## [Short web captions]
---

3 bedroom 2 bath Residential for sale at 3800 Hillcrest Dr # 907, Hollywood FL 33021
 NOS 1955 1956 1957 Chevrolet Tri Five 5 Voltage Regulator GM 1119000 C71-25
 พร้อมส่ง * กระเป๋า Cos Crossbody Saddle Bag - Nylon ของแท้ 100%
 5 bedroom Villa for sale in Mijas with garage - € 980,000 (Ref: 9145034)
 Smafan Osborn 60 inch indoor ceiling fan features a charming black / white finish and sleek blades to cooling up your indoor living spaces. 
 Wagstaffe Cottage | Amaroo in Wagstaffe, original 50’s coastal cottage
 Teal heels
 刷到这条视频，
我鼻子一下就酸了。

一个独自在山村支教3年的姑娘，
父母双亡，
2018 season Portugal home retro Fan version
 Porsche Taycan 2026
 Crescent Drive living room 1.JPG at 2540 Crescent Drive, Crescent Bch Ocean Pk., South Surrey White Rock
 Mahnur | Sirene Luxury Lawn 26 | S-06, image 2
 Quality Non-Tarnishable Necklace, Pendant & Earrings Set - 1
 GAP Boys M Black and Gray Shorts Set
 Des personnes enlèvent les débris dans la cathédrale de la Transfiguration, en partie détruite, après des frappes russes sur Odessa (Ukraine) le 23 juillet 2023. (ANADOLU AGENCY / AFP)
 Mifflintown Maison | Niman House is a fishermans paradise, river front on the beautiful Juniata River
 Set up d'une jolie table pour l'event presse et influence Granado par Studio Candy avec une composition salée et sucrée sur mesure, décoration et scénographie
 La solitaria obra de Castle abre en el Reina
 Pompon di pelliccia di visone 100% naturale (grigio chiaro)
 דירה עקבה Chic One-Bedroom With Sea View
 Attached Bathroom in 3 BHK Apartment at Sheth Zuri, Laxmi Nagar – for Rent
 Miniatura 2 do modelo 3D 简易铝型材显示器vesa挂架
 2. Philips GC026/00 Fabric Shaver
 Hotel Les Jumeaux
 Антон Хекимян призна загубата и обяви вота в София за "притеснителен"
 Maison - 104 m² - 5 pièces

---

## [What the task asks]
Starting at the line with "Miniatura 2 do modelo 3D 简易铝型材显示器vesa挂架", copy every line up to and including the last one in the entries above.

## [Solution to this exercise]
 Miniatura 2 do modelo 3D 简易铝型材显示器vesa挂架
 2. Philips GC026/00 Fabric Shaver
 Hotel Les Jumeaux
 Антон Хекимян призна загубата и обяви вота в София за "притеснителен"
 Maison - 104 m² - 5 pièces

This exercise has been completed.